What this task involves: All of the data should be copied exactly, with the pictures left out.

*** Opening Source material ***

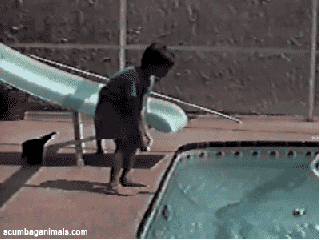 unexpected_gifs_05
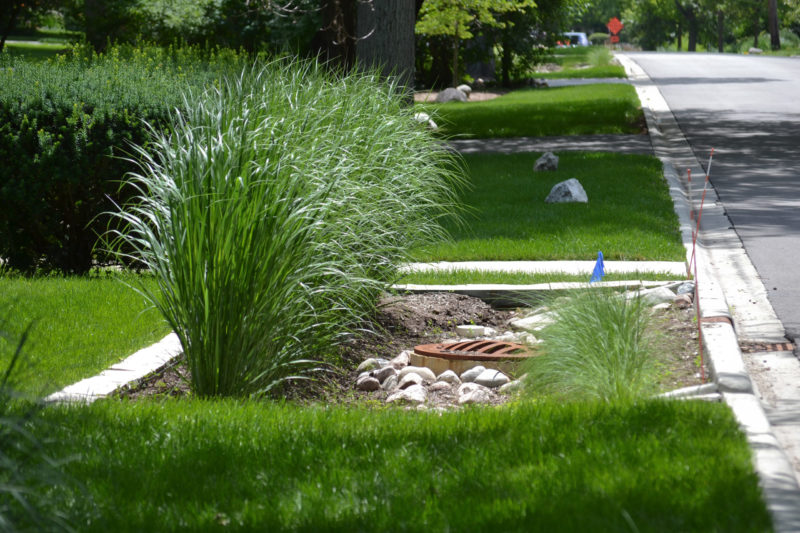 Curb cuts let stormwater flow into neighborhood rain gardens. Photo by Center for Neighborhood Technology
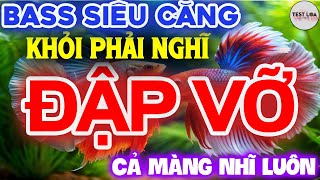 NHẠC TEST LOA 8D CỰC CHUẨN, Nhạc Sống Hòa Tấu Disco Remix Không Lời BASS CĂNG CỰC PHÊ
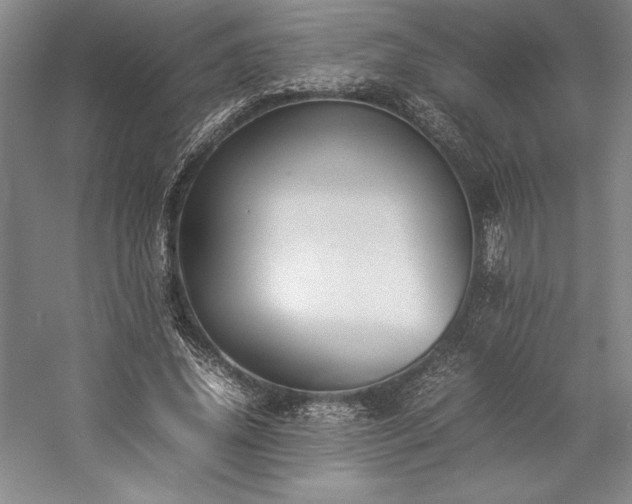 X0000057100636200509091204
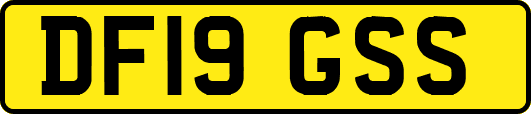 DF19GSS
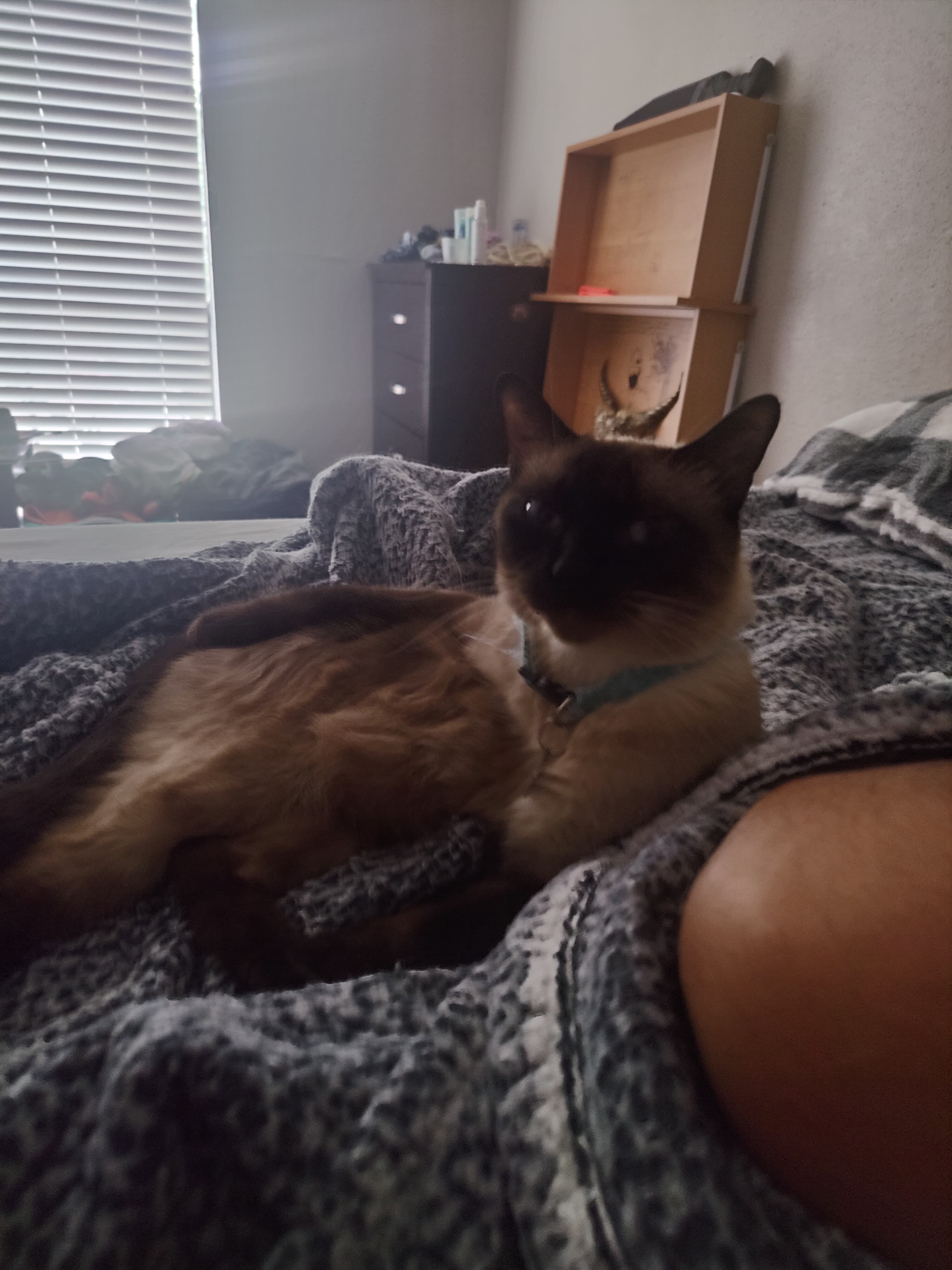 Angel, back home in Texas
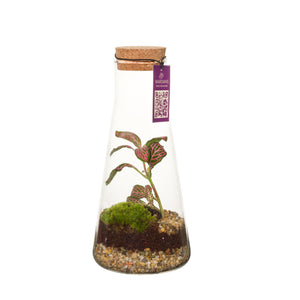 Kalypso Glass Terrarium Arrangement – 9cm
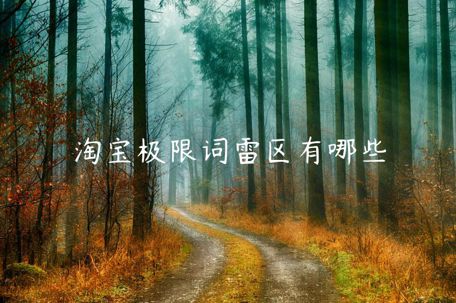 淘寶極限詞雷區(qū)有哪些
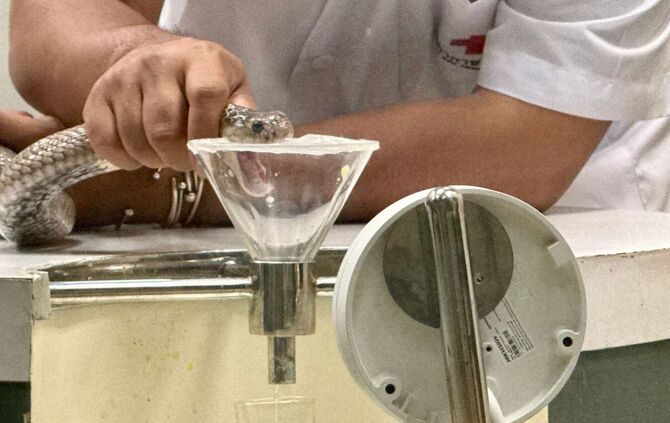 Schlangenfarm in Bangkok zur Herstellung von Antiserum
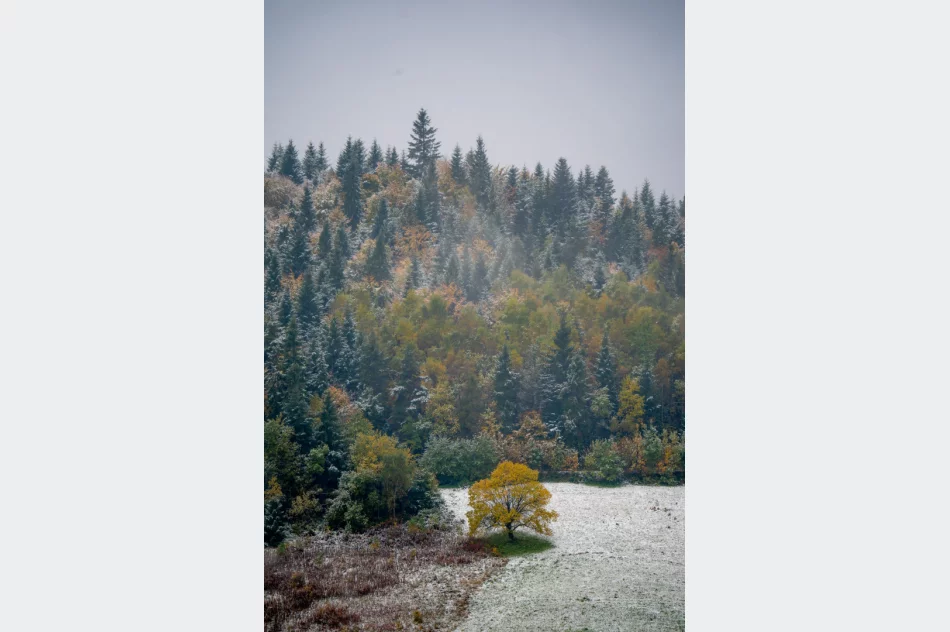 Spadł pierwszy śnieg. Lokalnie deszczowo, ale z rozpogodzeniami - w nocy mróz - zdjęcie 5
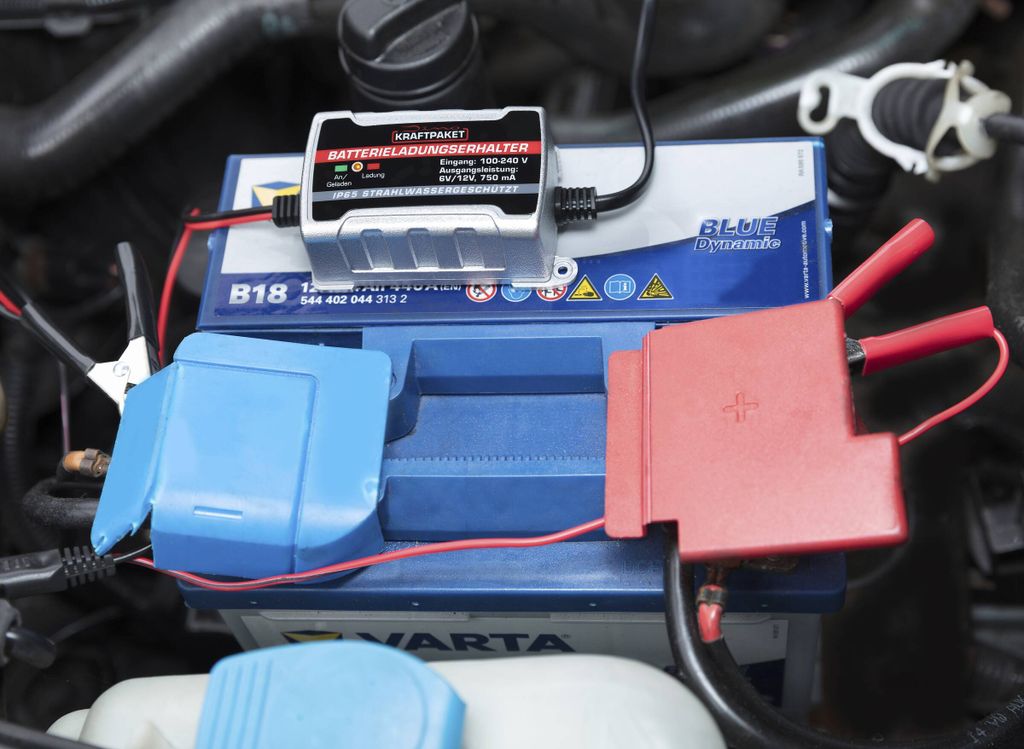 Dino Kraftpaket Batterie Erhaltungsgerät Produktbild 14
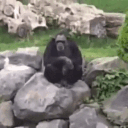 monkey emote for Discord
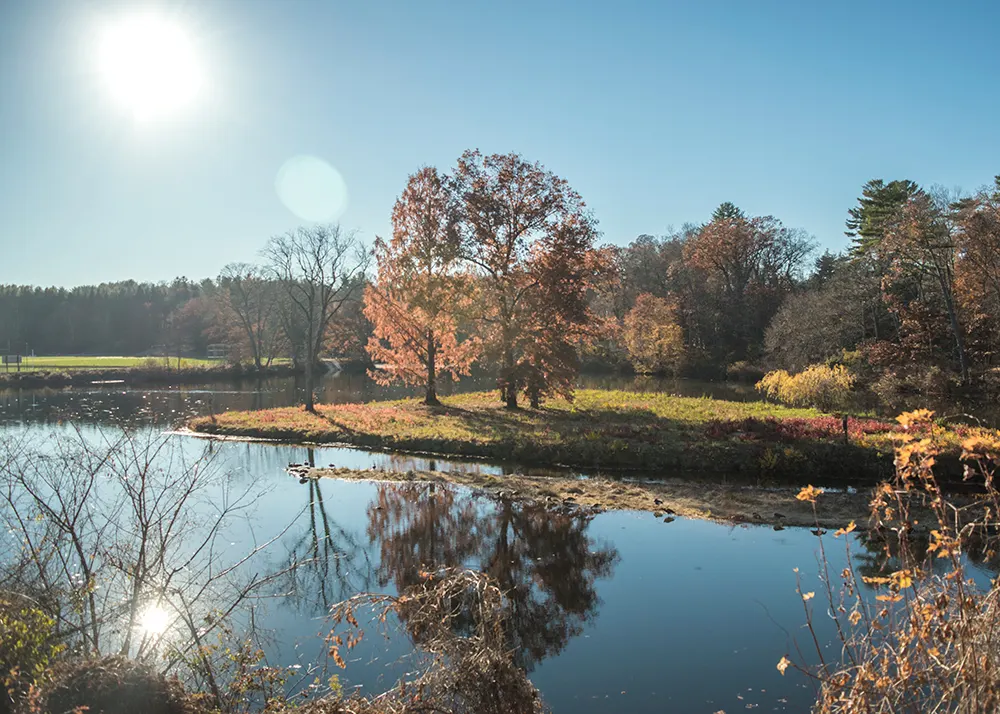 Paradise Pond, Northampton, Massachusetts, United States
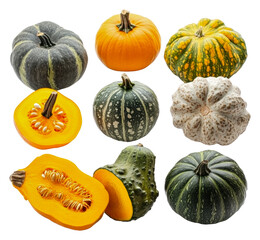 PNG Colorful pumpkins on display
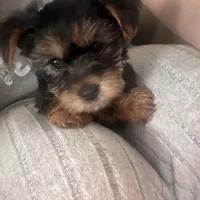 Happy💕, a female Yorkshire Terrier for sale in Tishomingo, MS – Photo 1 of 5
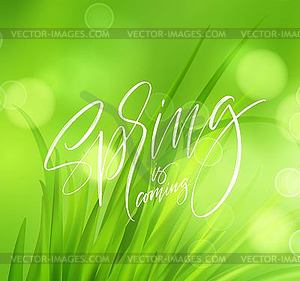 Frash Spring green grass background with handwritin - vector image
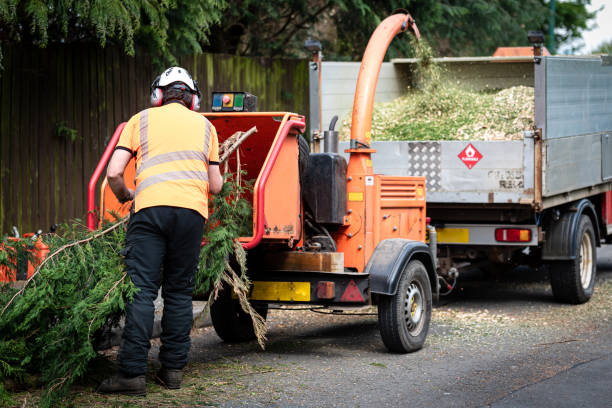 Trusted Land O Lakes, FL Tree Care Services Experts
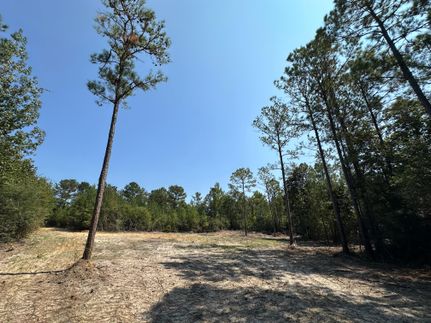 Timberland Property for sale in Clarke County, Alabama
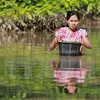 ASEAN brinda asistencia a víctimas de inundaciones en Myanmar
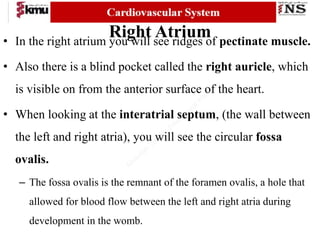 Pectinate Ridges Cardiovascular system for nursing 1.pptx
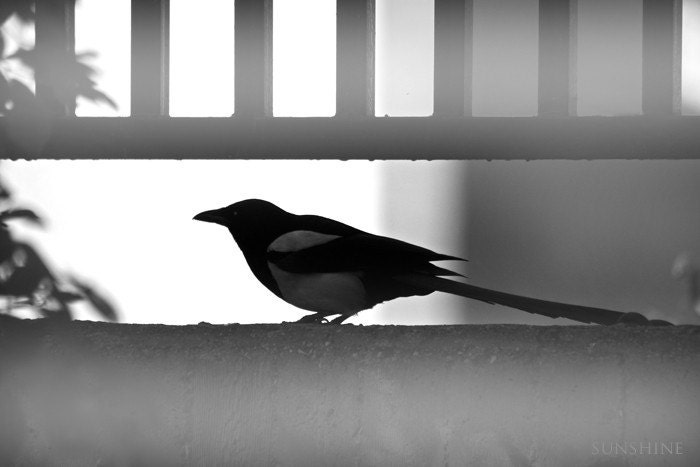 Digital downloadable photo Fine art bird photography Digital file Black white grey home decor foggy misty photograph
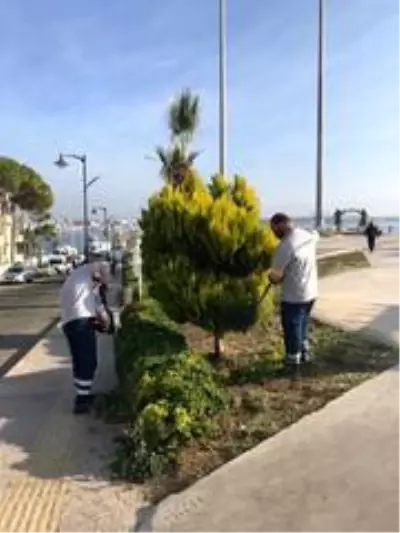 Didim'de yeşil alan çalışmaları sürüyor Didim'de yeşil alan çalışmaları sürüyor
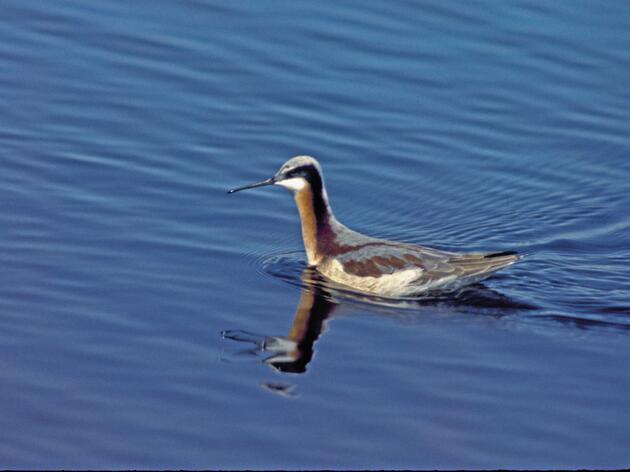 AVEDA and Audubon: Clean Water Partners
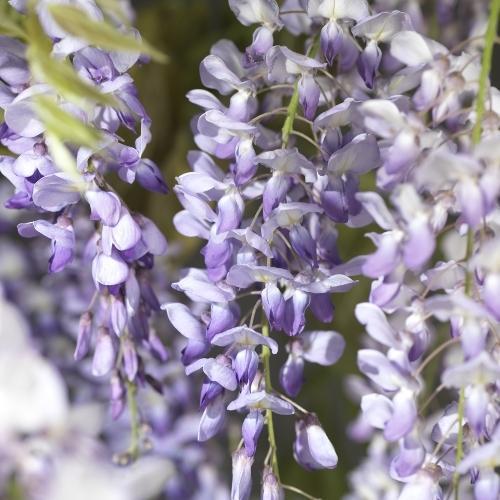 Wisteria Sinensis "Från Seed"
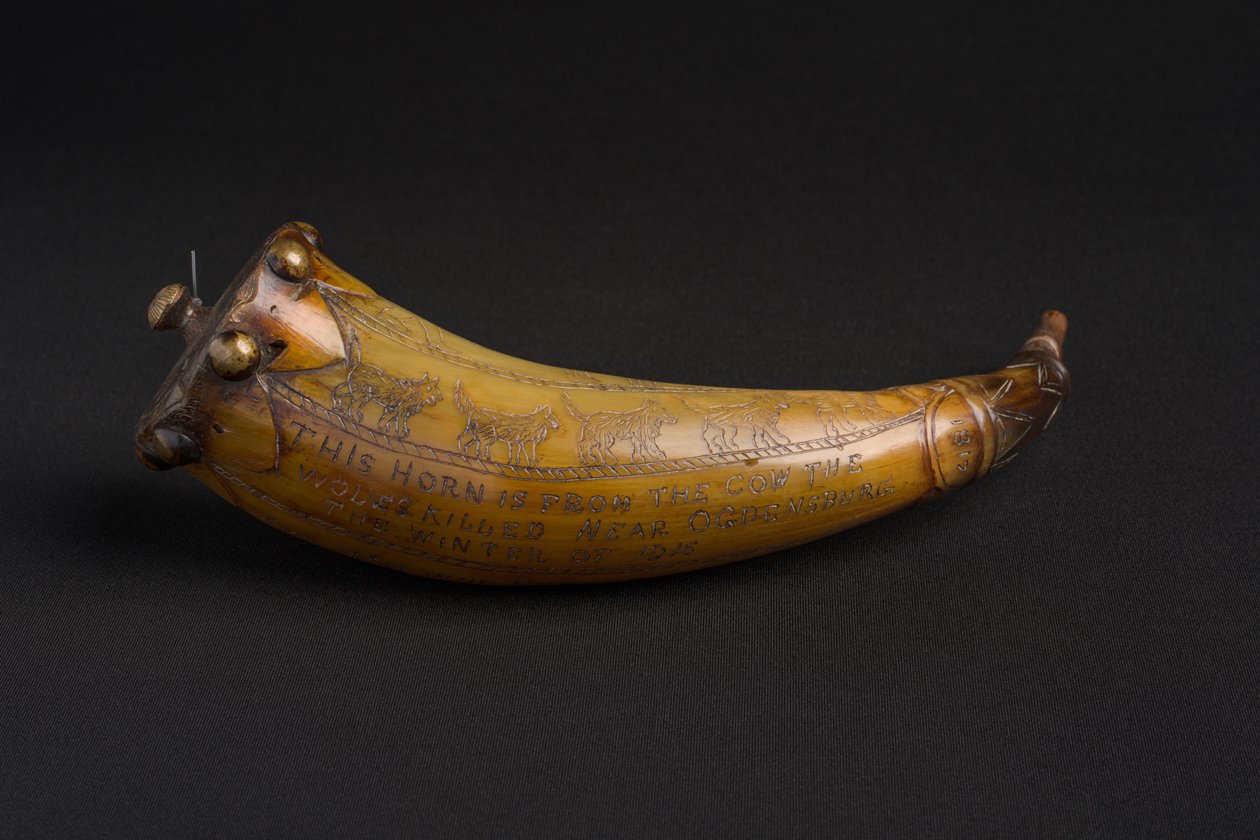 Immagine sconosciuta da American School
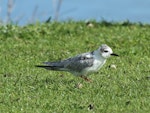 White-winged black tern. Immature resting on grass near lake edge. Lake Horowhenua, August 2013. Image © Duncan Watson by Duncan Watson.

*** Closing Source material ***

Answer box:
 unexpected_gifs_05
 Curb cuts let stormwater flow into neighborhood rain gardens. Photo by Center for Neighborhood Technology
 NHẠC TEST LOA 8D CỰC CHUẨN, Nhạc Sống Hòa Tấu Disco Remix Không Lời BASS CĂNG CỰC PHÊ
 X0000057100636200509091204
 DF19GSS
 Angel, back home in Texas
 Kalypso Glass Terrarium Arrangement – 9cm
 淘寶極限詞雷區(qū)有哪些
 Schlangenfarm in Bangkok zur Herstellung von Antiserum
 Spadł pierwszy śnieg. Lokalnie deszczowo, ale z rozpogodzeniami - w nocy mróz - zdjęcie 5
 Dino Kraftpaket Batterie Erhaltungsgerät Produktbild 14
 monkey emote for Discord
 Paradise Pond, Northampton, Massachusetts, United States
 PNG Colorful pumpkins on display
 Happy💕, a female Yorkshire Terrier for sale in Tishomingo, MS – Photo 1 of 5
 Frash Spring green grass background with handwritin - vector image
 Trusted Land O Lakes, FL Tree Care Services Experts
 Timberland Property for sale in Clarke County, Alabama
 ASEAN brinda asistencia a víctimas de inundaciones en Myanmar
 Pectinate Ridges Cardiovascular system for nursing 1.pptx
 Digital downloadable photo Fine art bird photography Digital file Black white grey home decor foggy misty photograph
 Didim'de yeşil alan çalışmaları sürüyor Didim'de yeşil alan çalışmaları sürüyor
 AVEDA and Audubon: Clean Water Partners
 Wisteria Sinensis "Från Seed"
 Immagine sconosciuta da American School
 White-winged black tern. Immature resting on grass near lake edge. Lake Horowhenua, August 2013. Image © Duncan Watson by Duncan Watson.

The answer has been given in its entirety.